GTX460 number of multiprocessors

dtheodor · September 13, 2010, 2:22pm

Hello everyone,

There are two things I would like to discuss:

I would like to ask if anyone knows why the GTX460 is not mentioned in the Appendix A of the CUDA C Programming Guide v3.1.1? Furthermore, I am reading that in the 400 series, each SMs has 32 cores (e.g. the GTX480 has 15 SMs with 32 CUDA cores / SM, thus 1532=480 CUDA cores). However, if I apply the same calculations for the GTX460, which has 7 SMs (an 8th one is disabled as far as I read), then there should be 732=224 CUDA cores. But, according to the specifications, there are 336 cores, thus each SM should have 336/7=48 cores, instead of 32. Where am I doing wrong?? :unsure:
In the GTX200 series, the GPUs have many SMs with few CUDA cores within each one SM. Now, in the GTX400 series happens the opposite, i.e. there are few SMs with many CUDA cores within each one SM. I think that this has a impact on the performance of the same code when executed on two GPUs of theses series. For example, I had already developed a CUDA C code and run it on a GTX275. Here are the occupancy results based on Visual Profiler 3.1.1:

Kernel details : Grid size: 24576 x 22, Block size: 64 x 1 x 1
Register Ratio = 0.25 ( 4096 / 16384 ) [4 registers per thread]
Shared Memory Ratio = 0.5 ( 8192 / 16384 ) [796 bytes per Block]
Active Blocks per SM = 8 : 8
Active threads per SM = 512 : 1024
Occupancy = 0.5 ( 16 / 32 )
Achieved occupancy = 0.5 (on 30 SMs)
Occupancy limiting factor = Block-Size
Warning: Grid Size (540672) is not a multiple of available SMs (30).

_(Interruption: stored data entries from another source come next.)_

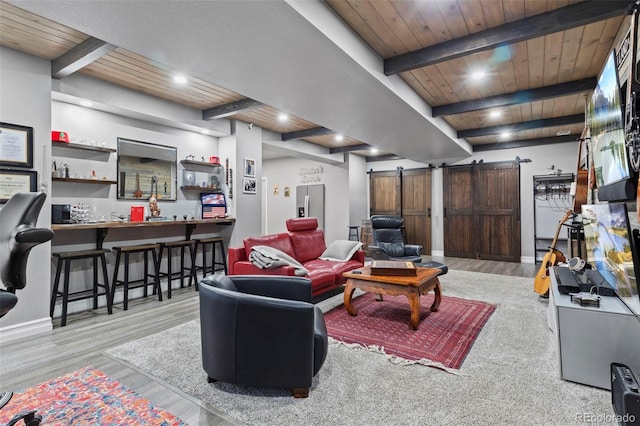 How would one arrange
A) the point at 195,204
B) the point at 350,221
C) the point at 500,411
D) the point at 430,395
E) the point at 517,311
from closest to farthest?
the point at 500,411, the point at 430,395, the point at 517,311, the point at 195,204, the point at 350,221

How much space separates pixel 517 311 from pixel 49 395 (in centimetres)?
421

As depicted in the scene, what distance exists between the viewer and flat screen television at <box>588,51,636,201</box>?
1753mm

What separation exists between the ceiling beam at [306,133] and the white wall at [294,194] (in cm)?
248

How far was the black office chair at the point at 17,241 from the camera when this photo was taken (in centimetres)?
167

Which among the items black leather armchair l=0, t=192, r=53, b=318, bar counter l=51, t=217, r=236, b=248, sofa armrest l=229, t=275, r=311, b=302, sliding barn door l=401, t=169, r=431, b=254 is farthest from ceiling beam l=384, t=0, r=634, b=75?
sliding barn door l=401, t=169, r=431, b=254

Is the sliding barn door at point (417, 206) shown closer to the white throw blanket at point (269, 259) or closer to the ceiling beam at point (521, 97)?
the ceiling beam at point (521, 97)

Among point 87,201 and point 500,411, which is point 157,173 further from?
point 500,411

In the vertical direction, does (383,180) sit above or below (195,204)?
above

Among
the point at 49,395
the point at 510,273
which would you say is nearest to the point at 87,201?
the point at 49,395

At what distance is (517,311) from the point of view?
3586 mm

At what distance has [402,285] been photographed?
3061 mm

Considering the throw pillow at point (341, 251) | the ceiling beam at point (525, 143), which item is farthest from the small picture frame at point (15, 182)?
the ceiling beam at point (525, 143)

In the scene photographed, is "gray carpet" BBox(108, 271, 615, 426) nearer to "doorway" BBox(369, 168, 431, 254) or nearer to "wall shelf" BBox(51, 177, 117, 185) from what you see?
"wall shelf" BBox(51, 177, 117, 185)

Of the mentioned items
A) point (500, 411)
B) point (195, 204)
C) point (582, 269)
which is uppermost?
point (195, 204) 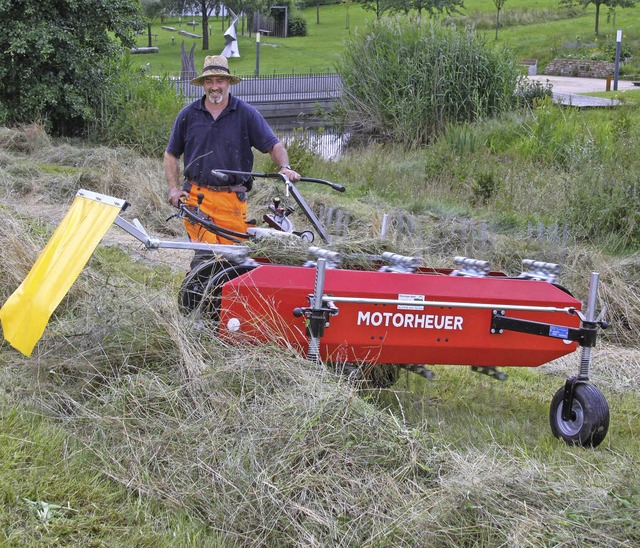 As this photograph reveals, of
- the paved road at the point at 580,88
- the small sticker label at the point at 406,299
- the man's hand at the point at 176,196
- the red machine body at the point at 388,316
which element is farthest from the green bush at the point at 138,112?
the paved road at the point at 580,88

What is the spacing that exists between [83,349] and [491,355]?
7.64 feet

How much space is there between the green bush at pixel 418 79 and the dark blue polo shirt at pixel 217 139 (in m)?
13.3

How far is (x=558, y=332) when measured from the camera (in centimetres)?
499

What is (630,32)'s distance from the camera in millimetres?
48250

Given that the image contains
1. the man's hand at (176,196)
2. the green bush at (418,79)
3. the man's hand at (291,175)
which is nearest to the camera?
the man's hand at (291,175)

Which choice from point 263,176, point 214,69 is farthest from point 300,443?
point 214,69

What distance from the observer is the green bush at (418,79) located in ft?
66.3

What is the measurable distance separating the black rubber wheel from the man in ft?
8.34

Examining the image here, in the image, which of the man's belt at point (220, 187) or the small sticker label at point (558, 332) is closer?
the small sticker label at point (558, 332)

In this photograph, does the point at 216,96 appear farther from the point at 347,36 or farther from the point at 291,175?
the point at 347,36

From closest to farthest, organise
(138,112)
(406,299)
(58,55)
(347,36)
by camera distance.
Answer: (406,299)
(138,112)
(58,55)
(347,36)

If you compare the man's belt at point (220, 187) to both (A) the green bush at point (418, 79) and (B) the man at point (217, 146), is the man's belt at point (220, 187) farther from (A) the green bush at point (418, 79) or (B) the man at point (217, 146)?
(A) the green bush at point (418, 79)

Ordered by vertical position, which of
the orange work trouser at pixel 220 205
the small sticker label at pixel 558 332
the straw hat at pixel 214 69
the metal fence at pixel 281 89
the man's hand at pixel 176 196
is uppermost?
the straw hat at pixel 214 69

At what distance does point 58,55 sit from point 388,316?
1347 centimetres
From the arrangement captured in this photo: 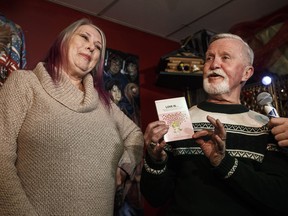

I run the same kernel to a GTX460 and here are the occupancy results:

Kernel details : Grid size: 24576 x 22, Block size: 64 x 1 x 1
Register Ratio = 0.25 ( 8192 / 32768 ) [12 registers per thread]
Shared Memory Ratio = 0.166667 ( 8192 / 49152 ) [772 bytes per Block]
Active Blocks per SM = 8 : 8
Active threads per SM = 512 : 1024
Occupancy = 0.5 ( 16 / 32 )
Achieved occupancy = 0.5 (on 7 SMs)
Occupancy limiting factor = Block-Size
Warning: Grid Size (540672) is not a multiple of available SMs (7).

First let me clarify that for sure I am not an expert in CUDA programming, but what I observed when measuring the timing for the same kernel when running on both GPUs, is that the GTX275 could process data approximately two times faster. :blink: I know that my kernel accesses a lot the external memory and the the GTX275 has a better memory throughput than the GTX460 (127 GB/sec and 115.2 GB/sec respectively) but I don’t think it is the only reason for this strange performance.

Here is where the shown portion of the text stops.